While what's true?

Ex 35 … we’re in the game with a grouchy bear and the evil Cthulhu …

The definition of the bear_room function includes the following while loop, spanning lines 30 to 46 …

while true
	print "> "
	choice = $stdin.gets.chomp

	if choice == "take honey"
		dead("The bear looks at you then slaps your face off.")
	elsif choice == "taunt bear" && !bear_moved
		puts "The bear has moved from the door. You can go through it now."
		bear_moved = true
	elsif choice =="taunt bear" && bear_moved
		dead("The bear gets pissed off and chews your leg off.")
	elsif choice == "open door" && bear_moved
		gold_room
	else
		puts "I got no idea what that means."
	end
end

So the while loop begins …

while true

My question is … while what is true?? In the Common Student Questions for Ex 35, someone has asked why the code says “while true”? The response is that “while true” makes an infinite loop.

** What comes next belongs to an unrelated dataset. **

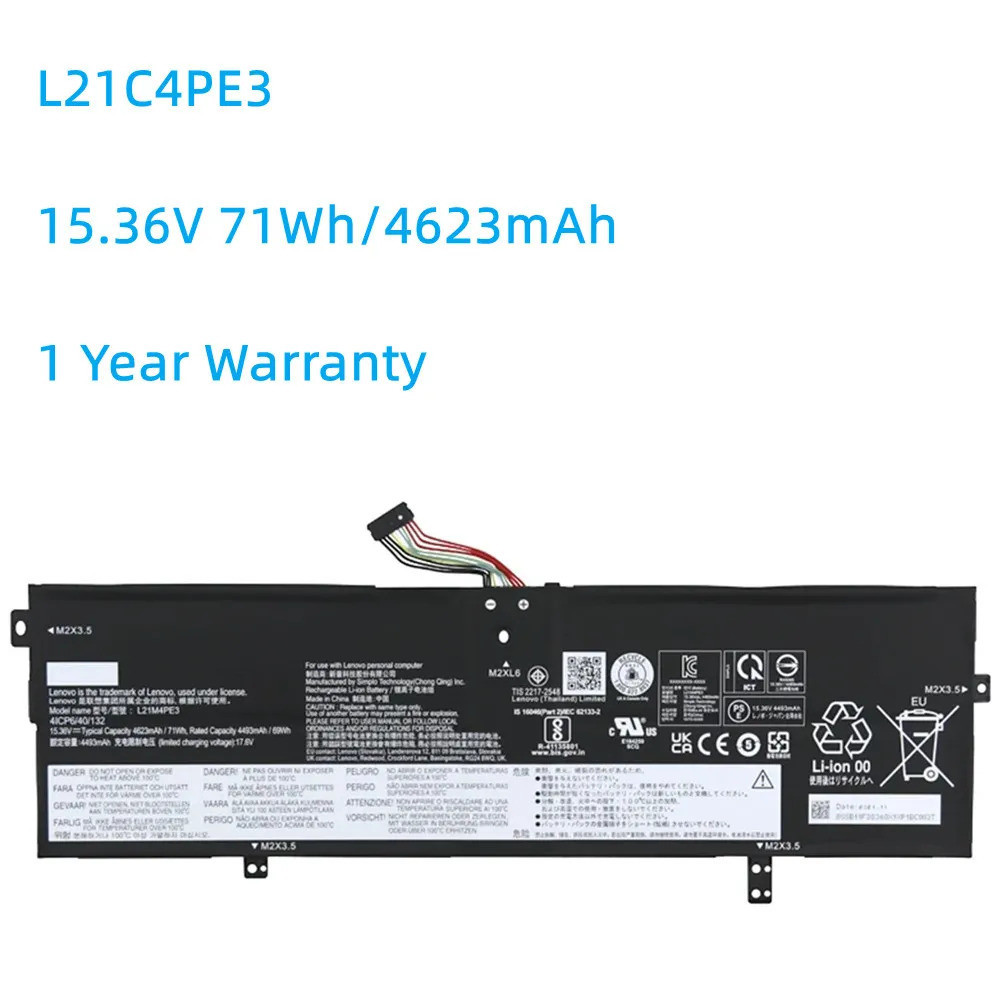 Laptop battery for Lenovo DUET, L21C4PE3, 58 V, 71oh, mAh, l21 d4pe3, l21 l4pe3, L21M4PE3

I thought we were supposed to avoid infinite loops, so this is even more puzzling. But - are we using an infinite loop here because we always want to go through this while loop when we’re in the bear_room?

I’d appreciate a little more explanation about “while true” … :slight_smile:

Anything you put after while or if eventually boils down to true or false. That’s how boolean logic works. When you write a test like

while x < 3

then the programming language checks whether the precdiate x < 3 is true or false.
But single values also have a truth value, so if x is some integer, in

while x

the test evaluates to false if x is 0, otherwise it’ll be true. Generally speaking, most things that are not empty or zero are considered true in the context of boolean operations.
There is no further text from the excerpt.